Sometimes I like to go to Stewart Theater, in the Talley Student Center at NC State University, just for a big dose of red. There is an awful lot of blue in other parts of the Triangle. But the real reason to visit Stewart at least twice a year is Center Stage’s dance scheduling. There are always two dance programs each academic year, and often they include companies that have appeared at the American Dance Festival — or will in the future. You won’t see old-guard modern dancers here, but young companies and choreographers bursting with contemporary ideas and energy. On the 6th, a lot of that energy was expressed in red.

The ten-year-old Brian Brooks Moving Company, though founded in the closing years of the last century, has a very 21st century attitude, with an appreciation for low-production value media, mash-ups and mockery, along with a buoyant athleticism that often makes the rest enjoyable. Most interesting in the mix is Brooks’ synesthetic use of color. The vivid coloration of the lighting, floor coverings, costumes and props, keyed to the action and sound, make one suspect that Brooks has the neural makeup that associates certain colors with certain sounds, letters, numbers, shapes or movements.

The major work on this program was an edited version of Brooks’ 2005 piece Piñata, which was danced at the 2005 ADF. This shortened, tightened dance is much stronger than the original, while retaining all the delightful color effects. Repetition, much repetition, is Brooks’ artistic keystone, and in some sections you’d be happy for it to go on forever — but mostly it goes on a little too long. The small variations and intensifying tempo do not engage us quite thoroughly enough. In Piñata, the easy pleasure that accompanies the cheerful colors and marvelous costumes comes to an abrupt end when the work’s final section begins. The dancers have been moving, constantly moving, either through space or on the floor through several changes of music, but when Ravel’s Bolero begins, they appear dressed in black and take up stationary positions. Although this section was performed without the high camp attitude that had soured it at ADF — and appeared far more graceful than it had in that performance — still it is a mystery why it is a hand dance only. Most of the energy from the earlier sections is dissipated, and any possibility of a climax removed. It just ends, at last.

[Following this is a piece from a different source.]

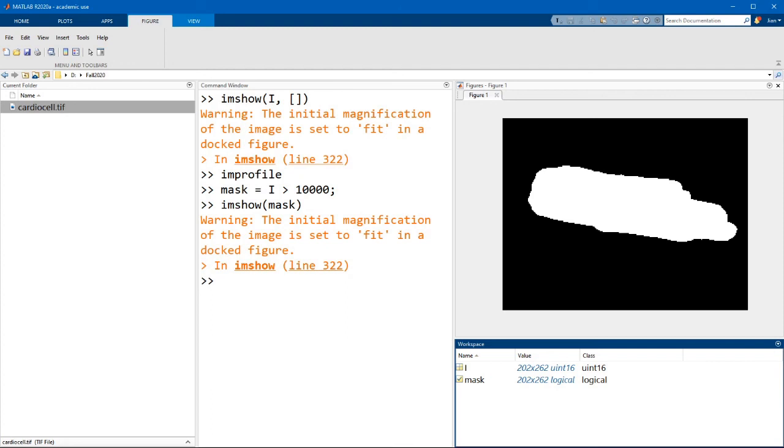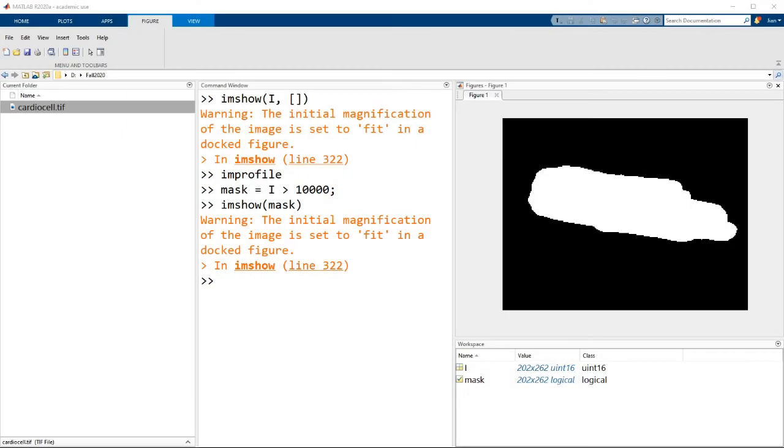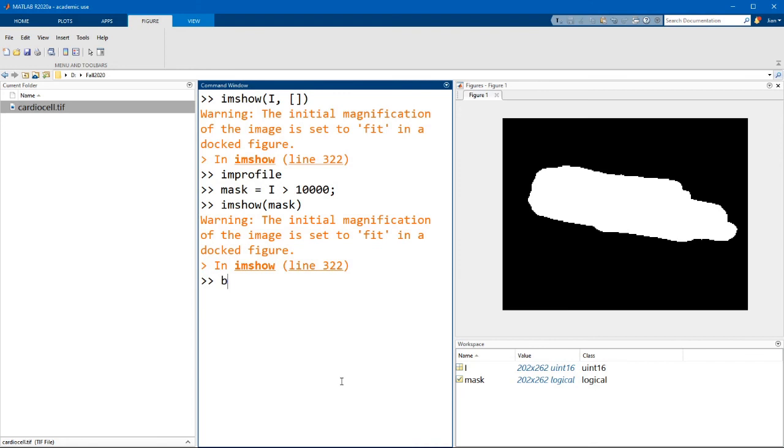Now that we have our mask, let's have a look at how we would visualize this along with our original image. The first function that we're going to use is bwperim. This creates a logical matrix containing the perimeter of the true regions of the input mask. Let me show you what I mean. Let's go back to MATLAB and run bw equals bwperim mask.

The program’s second work, Happy Lucky Sun (part 1, 2008), seemed more like a work-in-progress than a completed dance. Comprising sections stuck together seemingly at random, it was like the large paintings of high postmodernism: unrelated scenes and subjects lined up on the same canvas. Some of the dance sequences were identical to ones we’d seen before intermission; others seem to come in from another universe. Although again there was a delicious use of color, I could not discern another unifying factor, thread, motif, idea — the dance was just pieces. Luckily, it included a ravishing solo by Brooks — but, oddly, that did not go on long enough. The sun set before we got to any happy completion, which made me see a different kind of red.